§ PROBLEM TO WORK ON: Please restate the records that follow word for word, omitting any images.

§ SOURCE MATERIAL:
++++
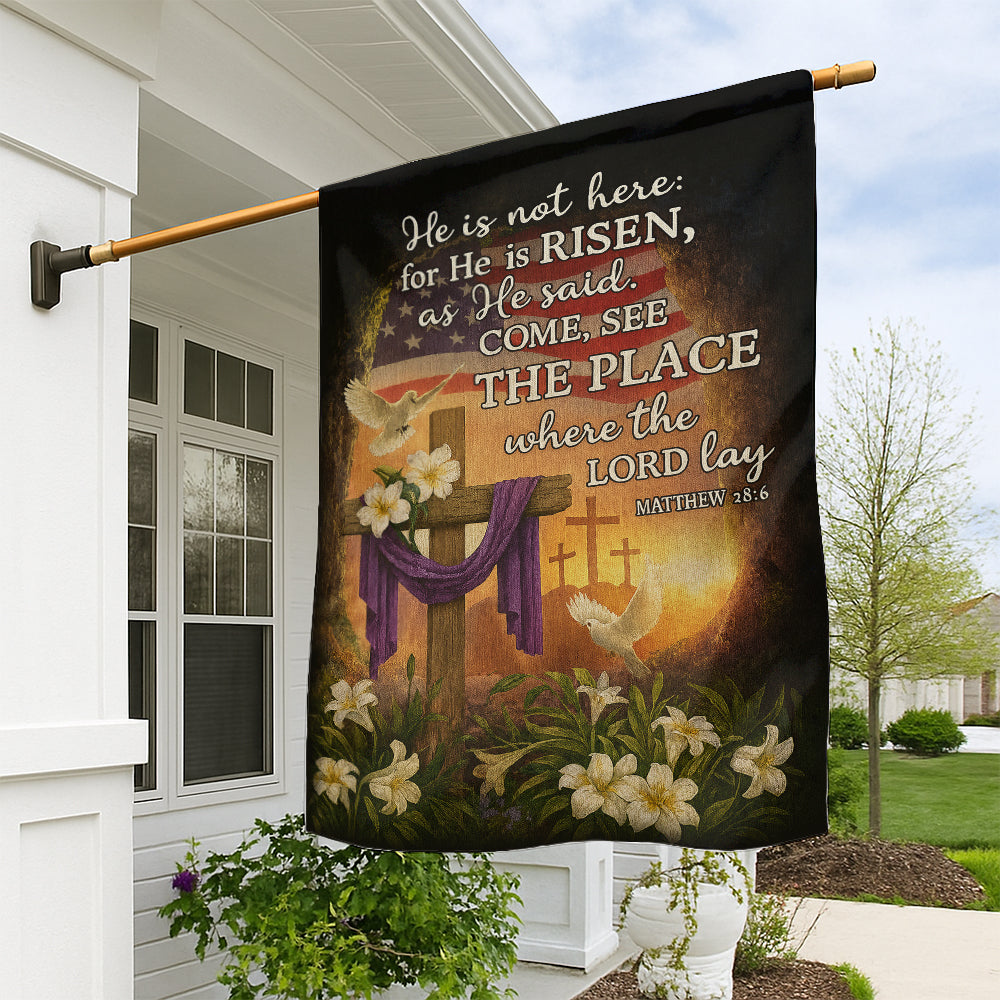 Christian American Flag - He Is Risen Garden Easter Cross with Matthew 28:6 Scripture-W080725-10-mk1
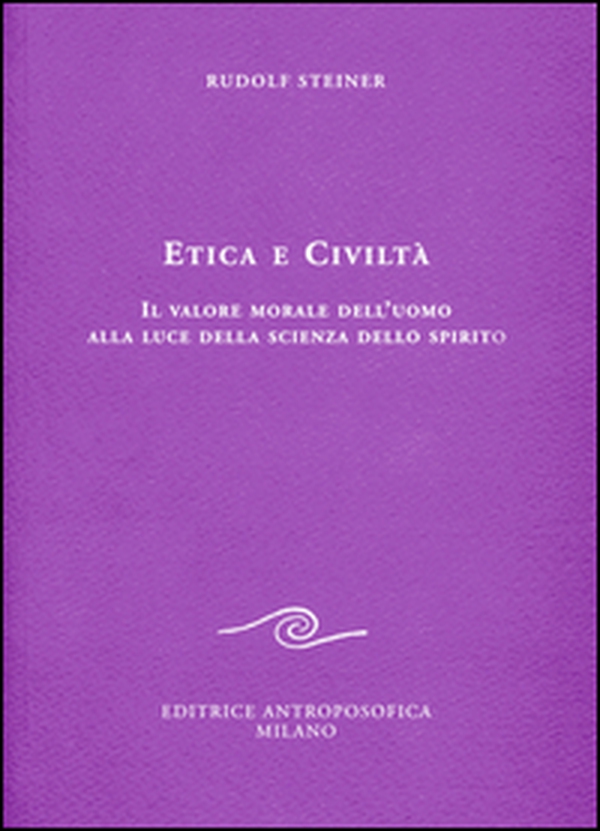 Etica e civiltà. Il valore morale dell'uomo alla luce della scienza dello spirito - Librerie.coop Etica e civiltà. Il valore morale dell'uomo alla luce della scienza dello spirito - Librerie.coop
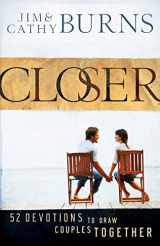 9780764208607-0764208608-Closer: 52 Devotions to Draw Couples Together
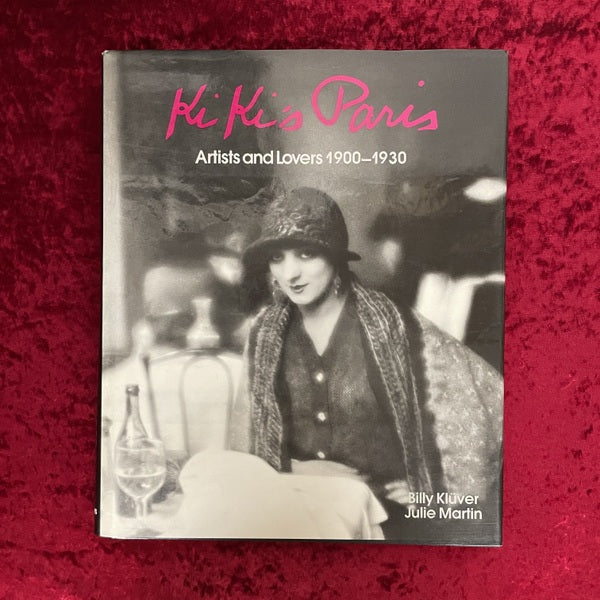 Ki Ki's Paris: Artists and Lovers 1900-1930 洋書 – 古書ドリス
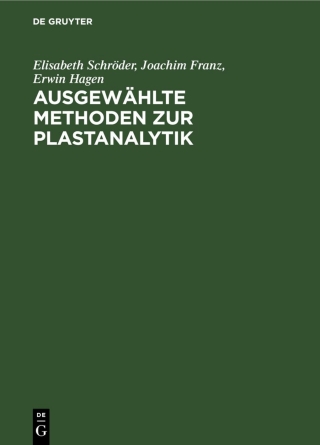 Cover image: Ausgewählte Methoden zur Plastanalytik 1st edition 9783112532256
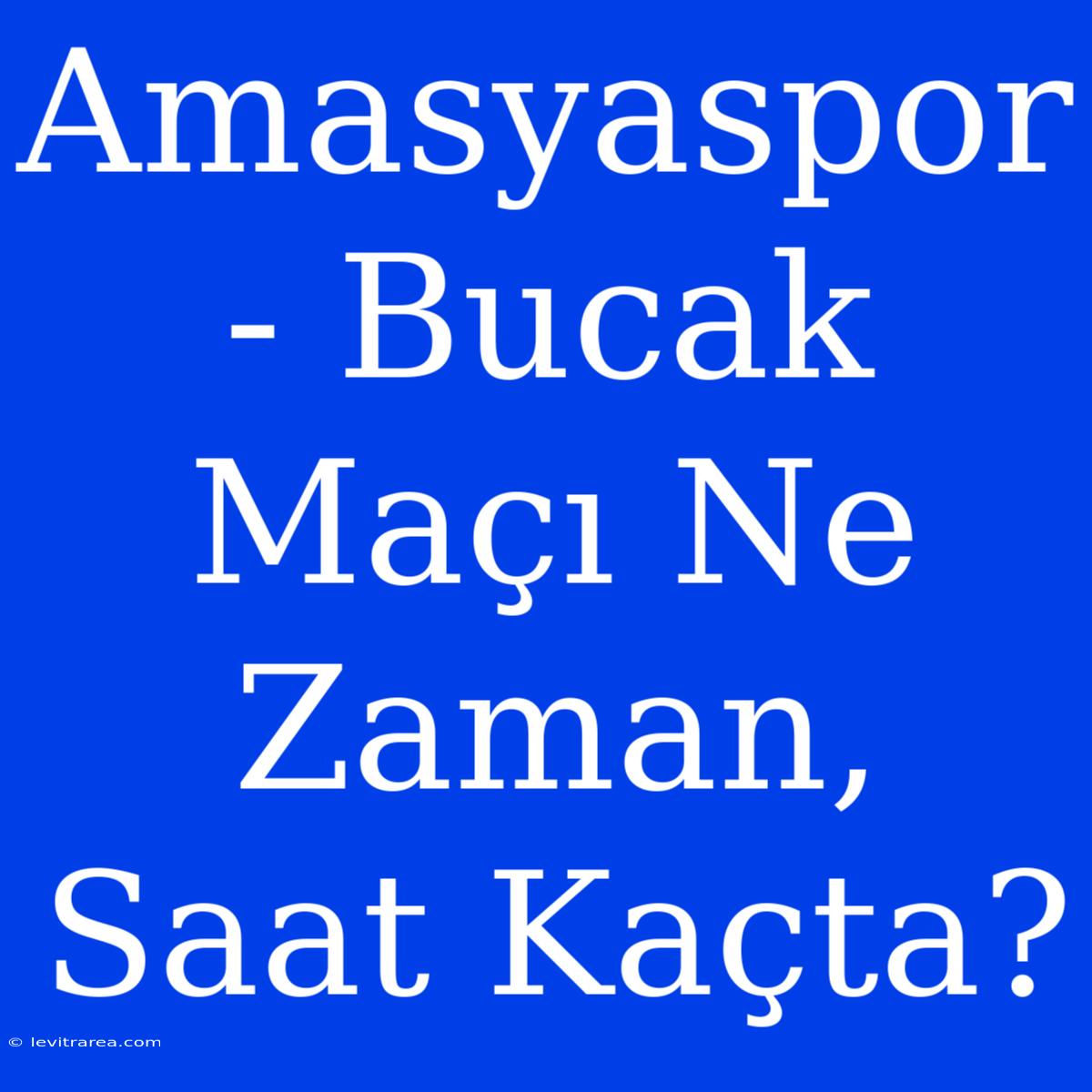 Amasyaspor - Bucak Maçı Ne Zaman, Saat Kaçta?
++++
§ SOLUTION TO THIS EXERCISE:
 Christian American Flag - He Is Risen Garden Easter Cross with Matthew 28:6 Scripture-W080725-10-mk1
 Etica e civiltà. Il valore morale dell'uomo alla luce della scienza dello spirito - Librerie.coop Etica e civiltà. Il valore morale dell'uomo alla luce della scienza dello spirito - Librerie.coop
 9780764208607-0764208608-Closer: 52 Devotions to Draw Couples Together
 Ki Ki's Paris: Artists and Lovers 1900-1930 洋書 – 古書ドリス
 Cover image: Ausgewählte Methoden zur Plastanalytik 1st edition 9783112532256
 Amasyaspor - Bucak Maçı Ne Zaman, Saat Kaçta?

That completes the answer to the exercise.